Lets say we want the last campaigns.name for each organization. This can be easily accomplished by changing the order of things. disntinct on will still return the first row which is distinct based on the columns passed to it. What we will do is use order to just change the way things appear in front of distinct on.
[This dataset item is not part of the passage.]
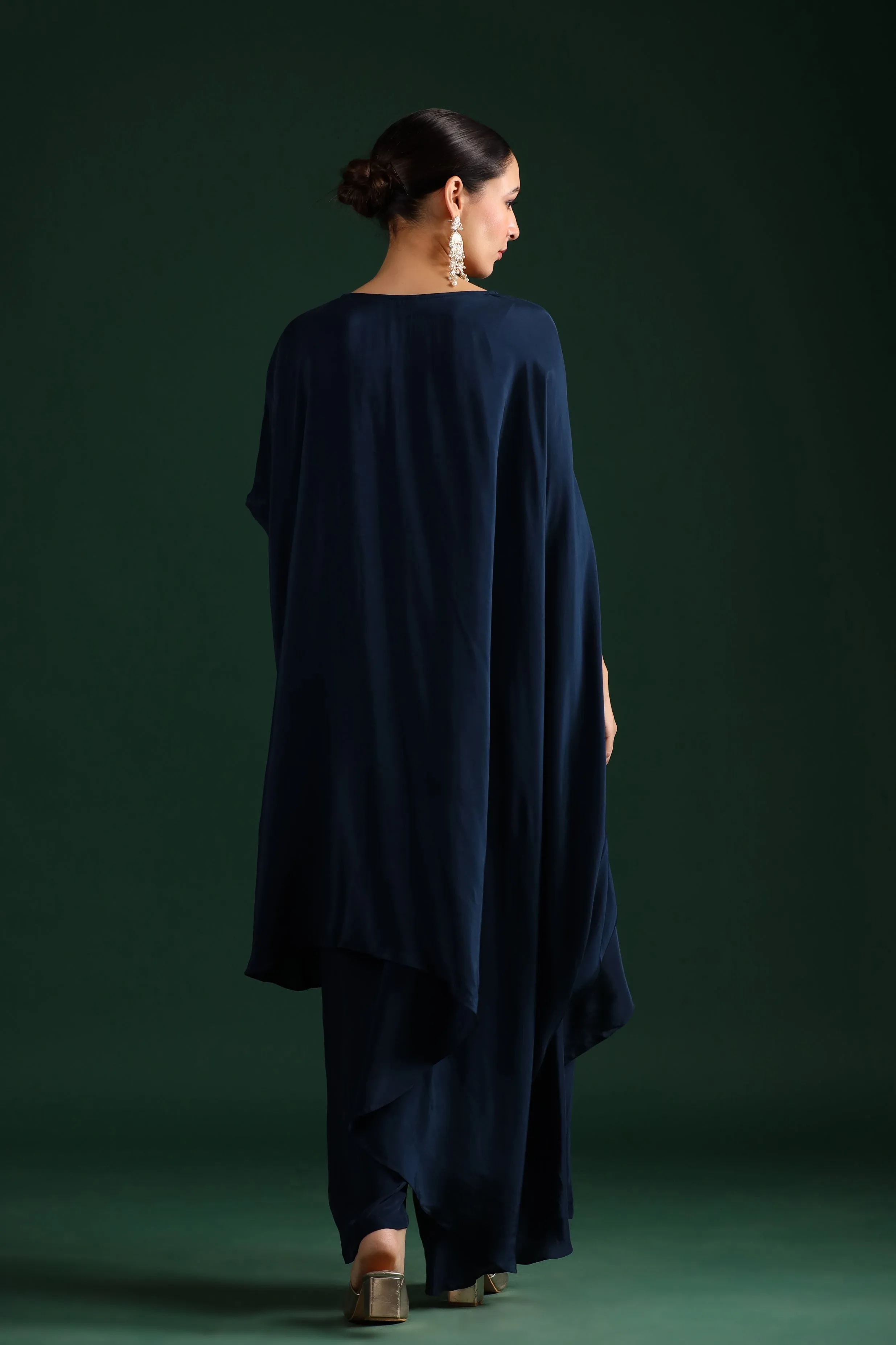 Deep Blue Embellished Asymmetrical Tunic & Pants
Lets first, once again print all the organizations with their campaign names on multiple rows, but this time we will order it so campaign names reversed, i.e. the last campaign name, this time will be the first campaign name

Organization.
joins(:campaigns).
select("organizations.id as org_id, campaigns.name as camp_name").
order("organizations.id, camp_name DESC")
SELECT organizations.id as org_id, campaigns.name as camp_name 
FROM "organizations" 
INNER JOIN "campaigns" ON "campaigns"."organization_id" = "organizations"."id" 
ORDER BY organizations.id, camp_name DESC
+----+--------+-----------+
| id | org_id | camp_name |
+----+--------+-----------+
|    | 1      | soup      |
|    | 1      | foo       |
|    | 1      | foo       |
|    | 2      |           |
|    | 2      | foo       |
|    | 2      | foo       |
+----+--------+-----------+

Cool, now that we have campaign names flipped, lets add the distinct on.

Organization.
  joins(:campaigns).
  select("distinct on(organizations.id) organizations.id as org_id, campaigns.name as camp_name").
  order("organizations.id, camp_name DESC")
SELECT distinct on(organizations.id) organizations.id as org_id, campaigns.name as camp_name 
FROM "organizations" 
INNER JOIN "campaigns" ON "campaigns"."organization_id" = "organizations"."id" 
ORDER BY organizations.id, camp_name DESC
+----+--------+-----------+
| id | org_id | camp_name |
+----+--------+-----------+
|    | 1      | soup      |
|    | 2      |           |
+----+--------+-----------+

And it works, yay!

Side Notes:

  • You can get the same result with distinct as you would get with distinct on if your reduce the columns you are going to select to the same columns you were going to do distinct on ()
  • SELECT DISTINCT ON ( expression [, …] ) keeps only the first row of each set of rows where the given expressions evaluate to be unique
  • distinct on is kinda working after the fact. It is filtering out rows which match the same clause and keeping the first one, after all the joins and stuff have happened.
  • Best way to think of distinct on is to run your query without, let it print duplicate rows the data on left being same, and data on right getting repeated, and then ask yourself would you like to see just the first row of each group. if so add the distinct on. if you want to change how the groupings are defined, then control that by the expressions in distinct on. If you want to change which row should be the first one in each group, then do that by adding orders.
  • distinct will make the whole row unique, every column of it. It can not take comma seperated list of columns to make unique by. Intead you will have to reduce the number of columns in output.
  • group by can take list of columns to make output unique on but will need aggregate function to handle the columns which have multiple possible values.